■ **Exercise prompt**
Copy the final lines exactly, starting at the one that contains "Kit Mochila Lancheira" and ending with the last line of the listing below. Pictures are not part of the copy.

■ **Supplied material**
......
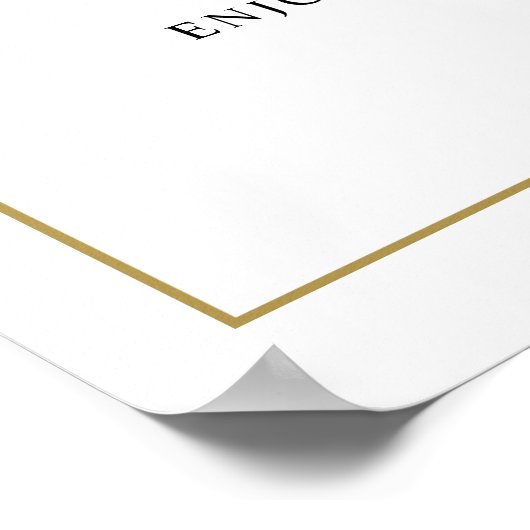 Elegantes Skript Unplugged Zeremony Sign Wedding Poster (Ecke)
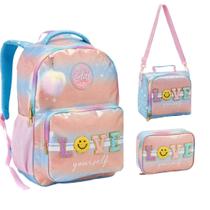 Kit Mochila Lancheira Estojo Escolar Juvenil Patches Feminina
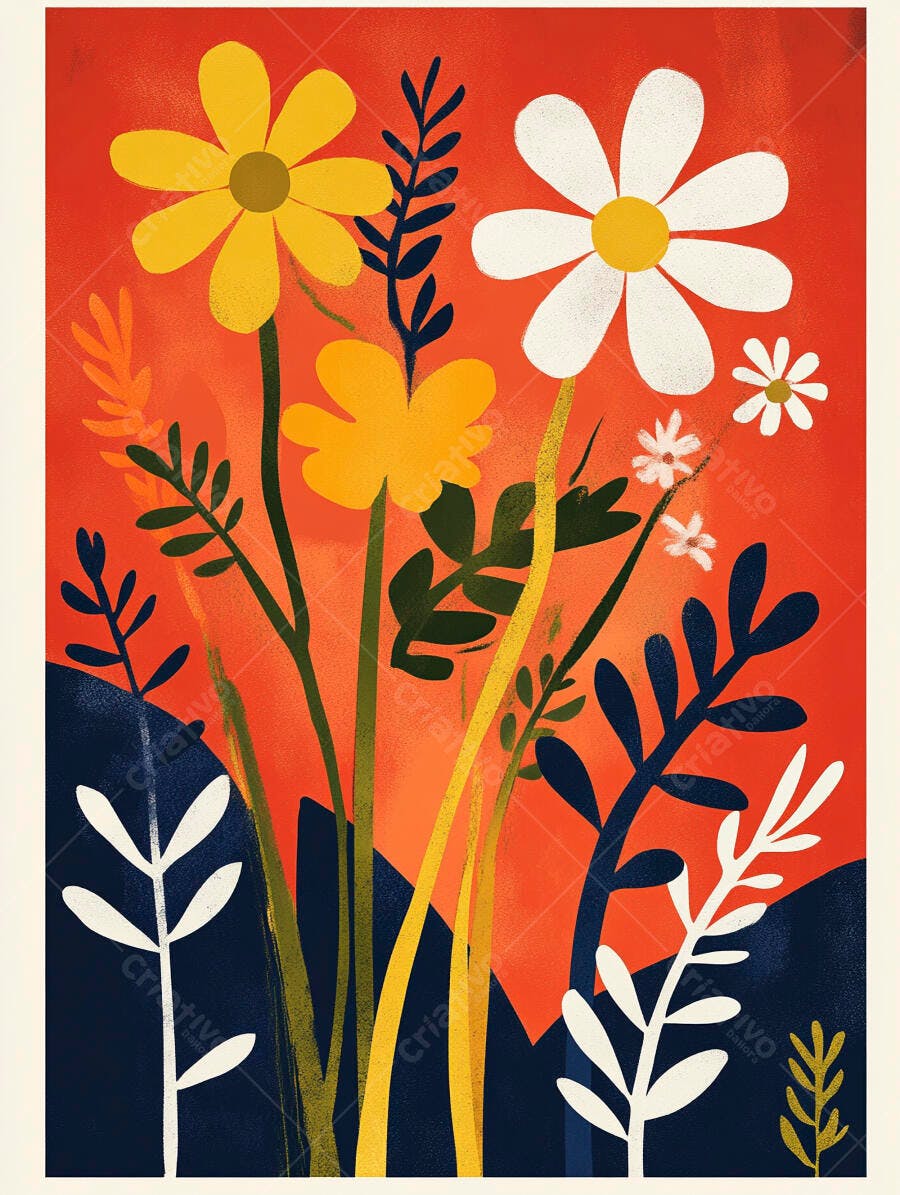 Flores e folhagens coloridas em ilustração artística vibrante com fundo laranja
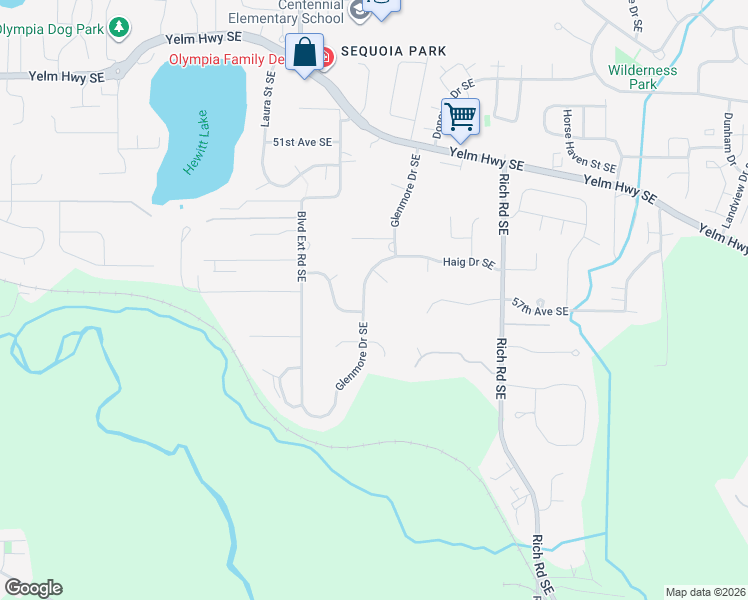 map of restaurants, bars, coffee shops, grocery stores, and more near 5706 Glenmore Drive Southeast in Olympia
......
■ **Written reply**
 Kit Mochila Lancheira Estojo Escolar Juvenil Patches Feminina
 Flores e folhagens coloridas em ilustração artística vibrante com fundo laranja
 map of restaurants, bars, coffee shops, grocery stores, and more near 5706 Glenmore Drive Southeast in Olympia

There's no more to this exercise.